In today’s rapidly changing business world, managers are repeatedly faced with a series of problems requiring a range of solutions. Although everyday problems are routine and relatively easy to solve, strategic problems are longer-term and require considerable judgement, intuition and experience. In order to solve such problems, therefore, the decision-making process needs to be based on hard data and informed analysis. It should also involve the freedom and flexibility for individuals to work together to make both critical and creative choices between a range of alternatives.
This case study focuses on a transportation joint venture between Adtranz, a manufacturer of railway vehicles and equipment, and Angel Train Contracts, a rolling stock leasing company. (Rolling stock is the term used to describe the stock of all types such as locomotives, coaches etc that run upon a railway.)

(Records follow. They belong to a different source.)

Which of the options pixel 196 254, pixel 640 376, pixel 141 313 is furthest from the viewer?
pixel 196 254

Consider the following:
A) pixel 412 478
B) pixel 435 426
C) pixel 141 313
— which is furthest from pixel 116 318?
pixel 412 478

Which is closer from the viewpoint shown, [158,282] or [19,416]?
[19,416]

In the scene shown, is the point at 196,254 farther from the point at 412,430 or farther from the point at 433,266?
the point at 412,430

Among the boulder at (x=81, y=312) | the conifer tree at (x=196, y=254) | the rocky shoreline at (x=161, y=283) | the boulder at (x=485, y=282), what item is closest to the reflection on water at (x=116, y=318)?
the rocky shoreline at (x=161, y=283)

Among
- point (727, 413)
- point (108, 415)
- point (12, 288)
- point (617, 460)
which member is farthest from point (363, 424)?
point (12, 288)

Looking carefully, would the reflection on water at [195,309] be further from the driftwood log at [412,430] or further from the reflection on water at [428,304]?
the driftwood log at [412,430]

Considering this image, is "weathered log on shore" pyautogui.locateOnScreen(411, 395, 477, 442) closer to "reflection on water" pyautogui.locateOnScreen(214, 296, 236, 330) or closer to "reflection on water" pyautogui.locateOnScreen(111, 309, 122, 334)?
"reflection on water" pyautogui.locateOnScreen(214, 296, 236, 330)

The challenge for this collaborative project was to develop high quality and affordable rolling stock which would meet the customer needs and requirements of a modern railway system. The joint venture needed to act quickly as the railway industry was concerned about the number of ageing multiple unit vehicles currently being used.
An industry which is owned by the government is known as a nationalised industry or a public corporation. In 1979, the Conservative Government pledged to return selected publicly-owned enterprises to the private sector. Returning public corporations to the private sector is known as privatisation. The privatisation process for the Railway industry began with the 1993 Railways’ Act.

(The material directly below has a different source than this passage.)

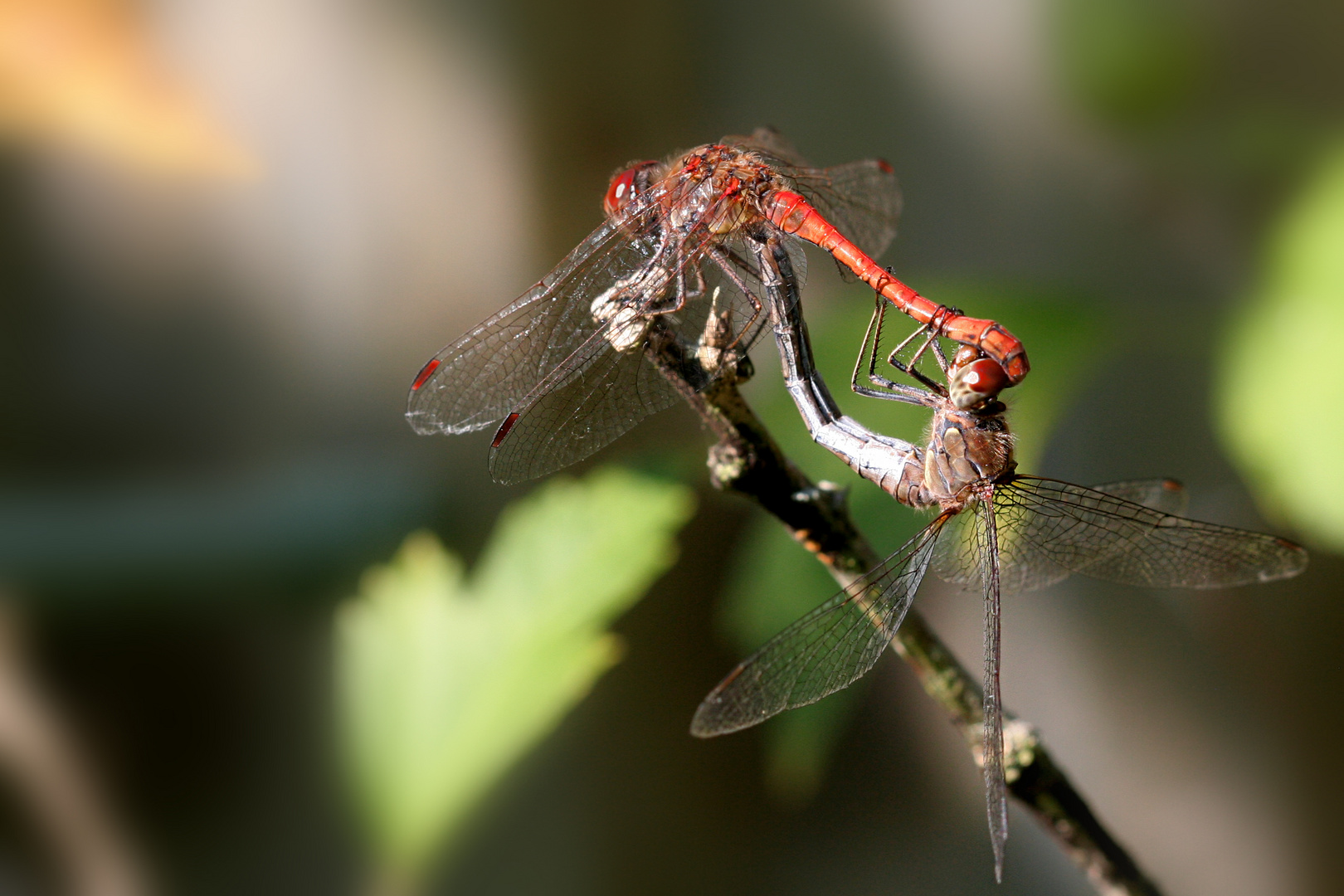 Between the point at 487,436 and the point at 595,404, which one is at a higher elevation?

Initially, it was difficult to predict exactly what form privatisation would take and how it would affect the different areas of the railway industry. As a nationalised industry, the railways had suffered from insufficient investment. This meant there were very few new rolling stock programmes and many railway vehicles were becoming run-down.

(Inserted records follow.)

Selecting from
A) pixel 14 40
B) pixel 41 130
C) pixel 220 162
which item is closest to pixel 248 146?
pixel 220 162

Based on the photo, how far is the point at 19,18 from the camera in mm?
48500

For example, there are nearly 1,400 Mark 1 multiple unit vehicles still in operation on the busy commuter lines in the south of England and many of these vehicles are more than 30 years old. The Clapham and Cannon Street accidents raised serious concerns regarding the safety of these vehicles and two major problems were highlighted - poor crash protection properties and slam doors. In an ideal world, these trains would have been replaced many years ago but little money was available for new trains.
Rolling stock leasing companies (ROSCOs) own and lease out vehicles and also purchase new vehicles; train operating companies (TOCs) lease out from ROSCOs and have their own operating staff (e.g. station staff, drivers cleaners and caterers.
Part of the privatisation deal with ROSCOs and TOCs involved an investment requirement in new trains. However, leases were generally offered for seven years. Both rolling stock and train operating companies were committed to new investment but the short-term leases meant that if they were to reap the rewards from capital expenditure within the lifetime of their franchises, they would require new and high quality rolling stock quickly and at an affordable price.